次にこれらのうち10の団体について記し、戦後日本における仏教系新宗教団体の概要を述べる。読者は、現代における仏教の法と力の限界を知るだろう。
なお、仏教系の新宗教団体は、既成の宗派の信仰が土台になっていて、その宗派・寺院の在家集団という性格を持つものが多い。その場合は、純粋な新宗教とはいえない点があるが、宗教学ではそれらを含めて新宗教と扱うのが通例なので、それに従う。
◆日蓮系・法華経系
#創価学会
創価学会は、もともと日蓮正宗の在家信者の集団であり、日本最大の新宗教団体である。
初代会長・牧口恒三郎は、1930年(昭和5年)に創価教育学会を創立した。それを母体として、2代会長・戸田城聖が1946年(昭和21年)に創価学会と改称して宗教団体として再組織した。

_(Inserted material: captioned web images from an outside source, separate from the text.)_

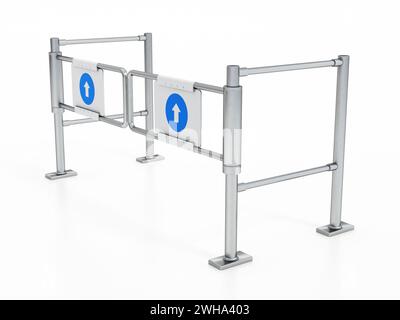 Treppe und Geländer isoliert auf weißem Hintergrund. 3D-Abbildung Stockfoto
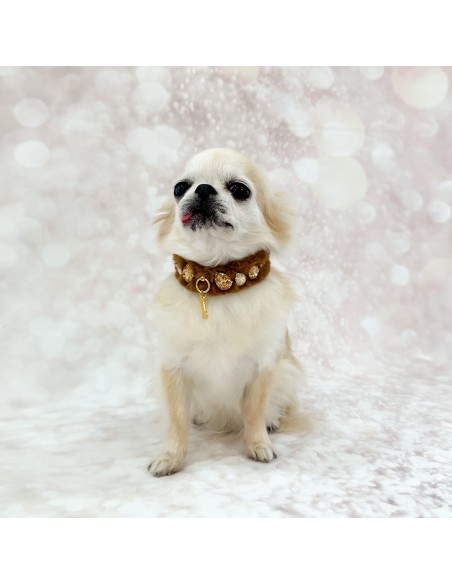 Posh Diamond Collar Caramel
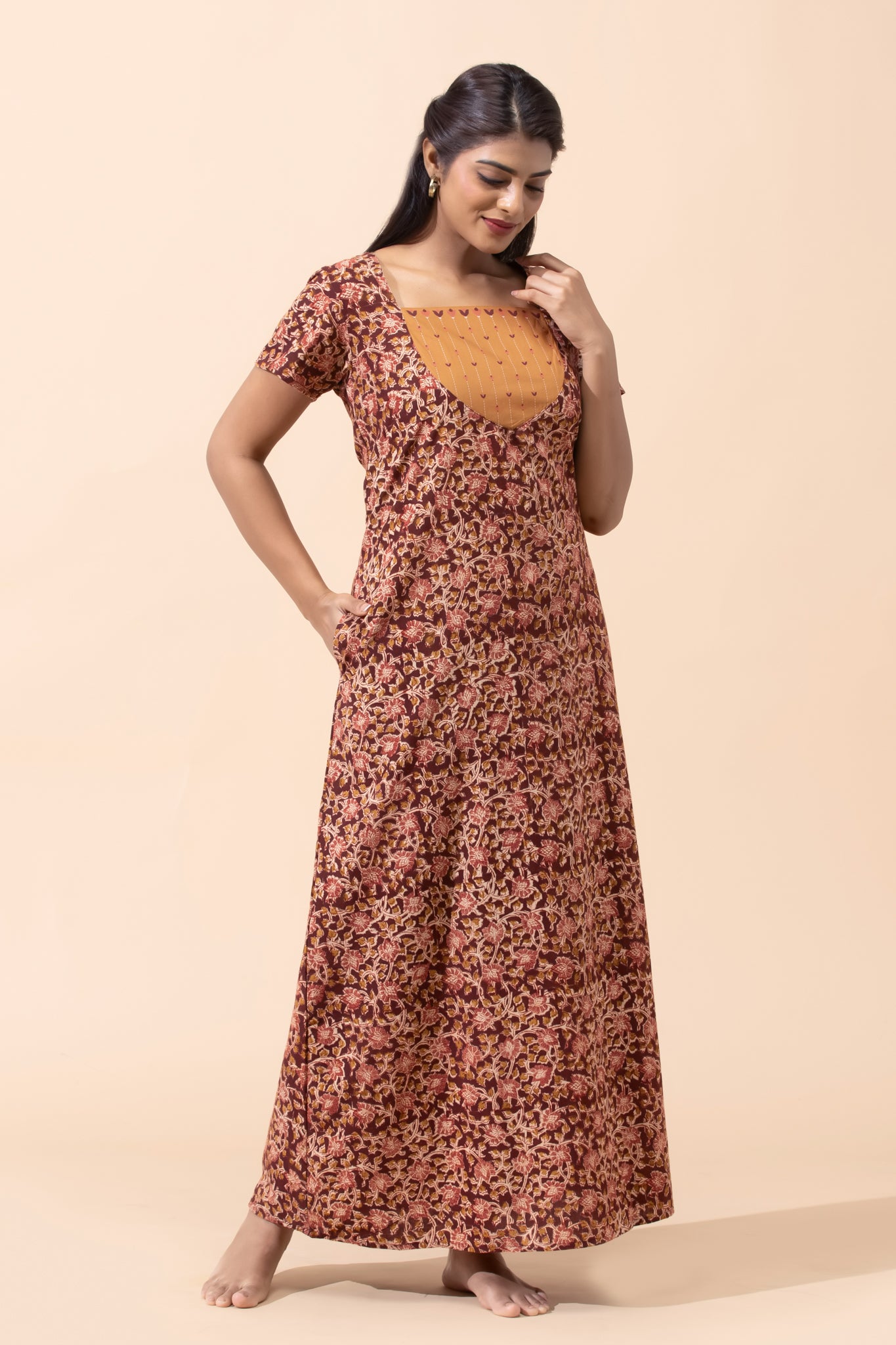 Maroon Kalamkari Cotton Nightwear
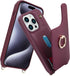 for iPhone 15 Pro Case with Card Holder for Women,iPhone 15 Pro Phone Case with Strap,Crossbody Lanyard,Ring Stand,Snap Clasp,Cute Wallet Case 6.1...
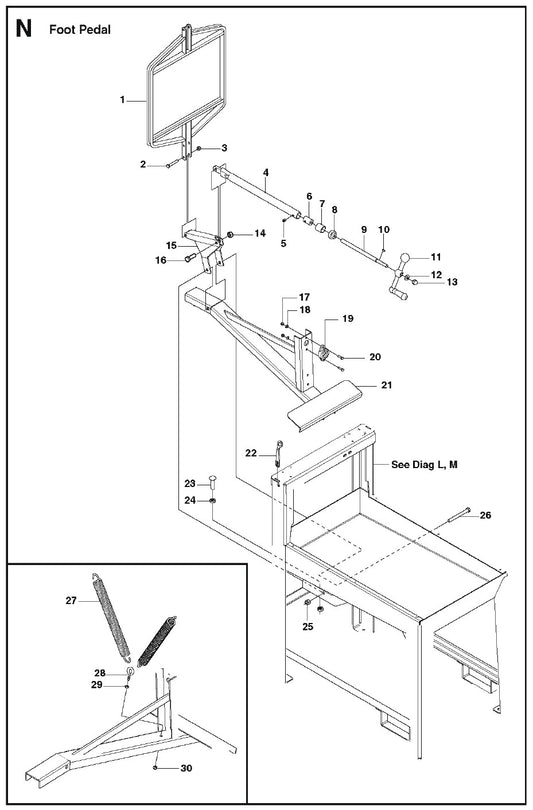 N Foot Pedal Parts For MS 510 By Husqvarna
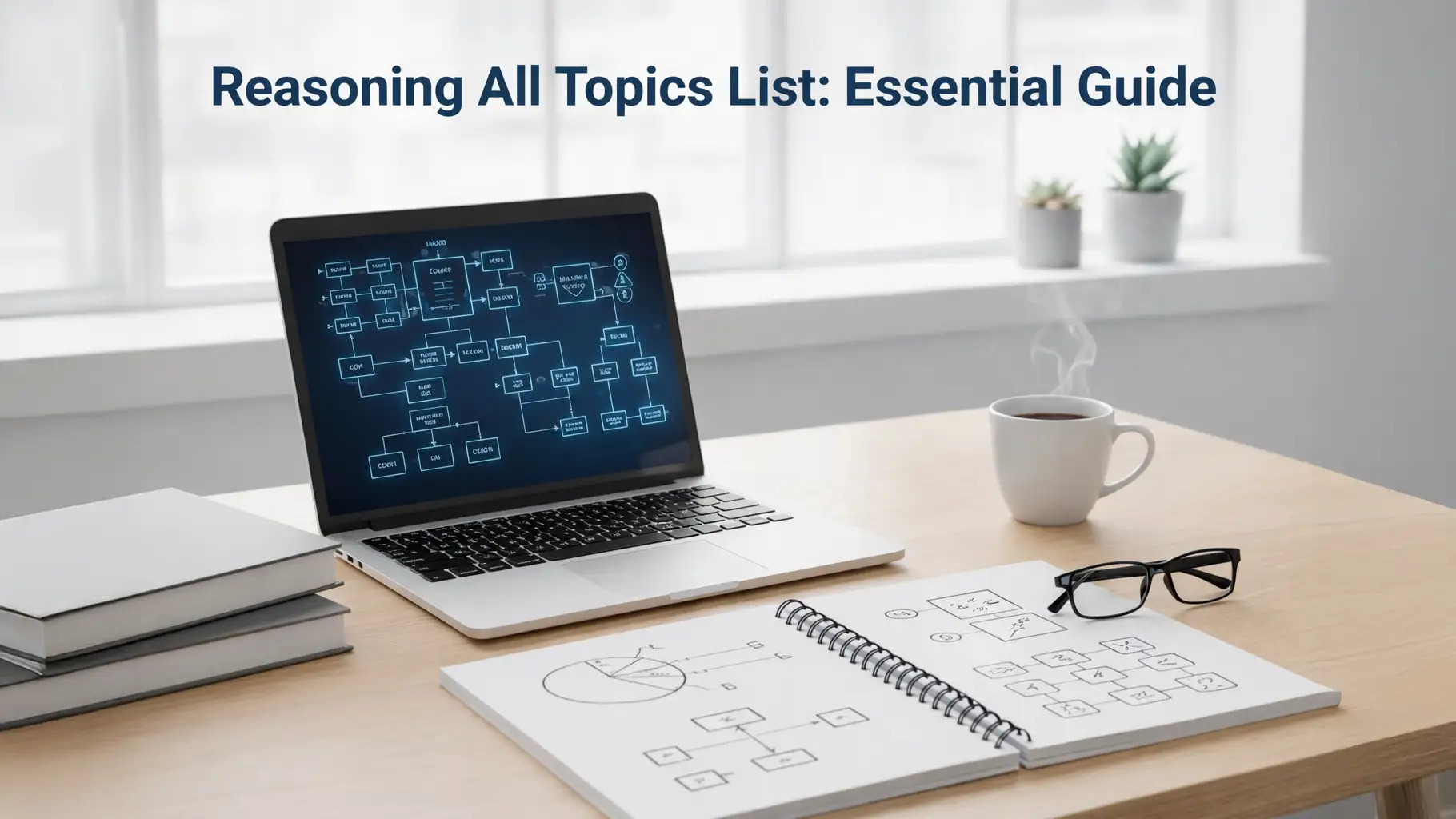 Conceptual illustration showing a structured map of logical reasoning topics including verbal, non-verbal, analytical reasoning, and puzzles for SSC exams India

牧口は教育者・教育学者で、同じく教育者の戸田とともに「創価教育学会」を設立した。この団体は、牧口の教育理論に基づく教育改革運動を行っていた。だが、牧口は、以前から宗教に関心を持ち、田中智学の講演を聴いたが、国柱会ではなく日蓮正宗に入信した。日蓮正宗は、日蓮本仏論を信奉し、日蓮の教えはその法主にのみ継承されているとする。また、国柱会の影響を受け、国立戒壇の設立を唱えていた。牧口は当初、教育改革を唱えていたが、教育による社会改革の根底には日蓮の教説に基づく宗教革命が必要であるとの主張を強く掲げるようになった。そのため創価教育学会は、1937年(昭和12年)に発会式を行なった後、布教を活動の中心とするようになっていった。当時の宗教統制政策に反対し、宗門の合同や伊勢神宮の大麻(神札)の拝受を拒否したり、神札を焼却させたりした。そのため、1943年(昭和18年)に治安維持法違反と不敬罪の容疑で、牧口・戸田等の幹部が検挙・投獄され、牧口は獄中で病死した。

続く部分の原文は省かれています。